INSTRUCTIONS FOR THE TASK:
An unchanged copy of all the lines below is expected, and it should contain no pictures.

DATASET EXTRACT:
########
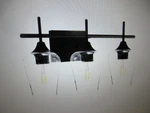 Merra 3-LIGHT Black Bathroom Vanity With Seeded Glass Shades. Fixed Price $29.66.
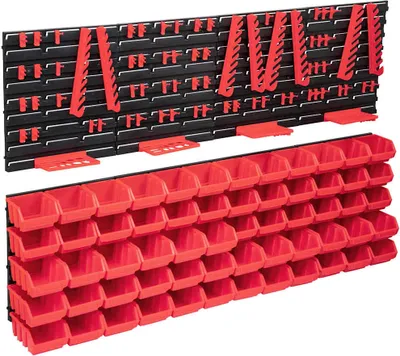 Produktbild von "im Angebot" 136-tlg. Werkzeugwand mit Sichtlagerkästen Rot und Schwarz - Werkzeugschränke A14
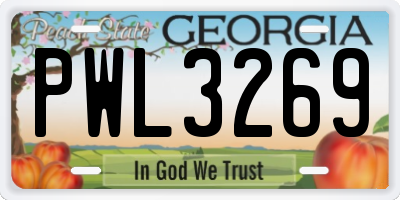 GA license plate PWL3269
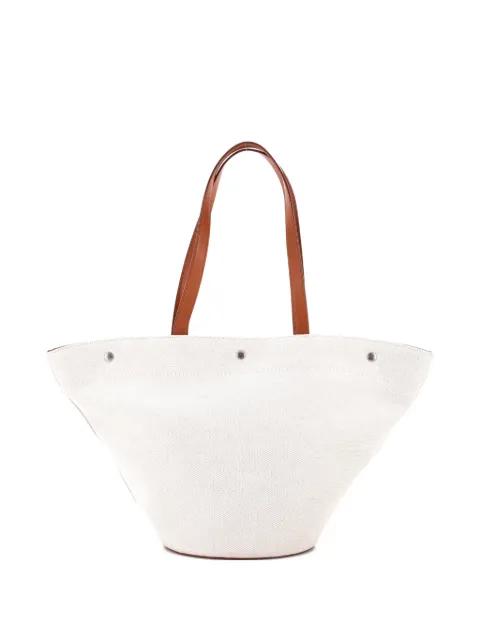 Rive Gauche Trapezoid Tote Canvas bucket bag by SAINT LAURENT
########
SOLVED EXERCISE:
 Merra 3-LIGHT Black Bathroom Vanity With Seeded Glass Shades. Fixed Price $29.66.
 Produktbild von "im Angebot" 136-tlg. Werkzeugwand mit Sichtlagerkästen Rot und Schwarz - Werkzeugschränke A14
 GA license plate PWL3269
 Rive Gauche Trapezoid Tote Canvas bucket bag by SAINT LAURENT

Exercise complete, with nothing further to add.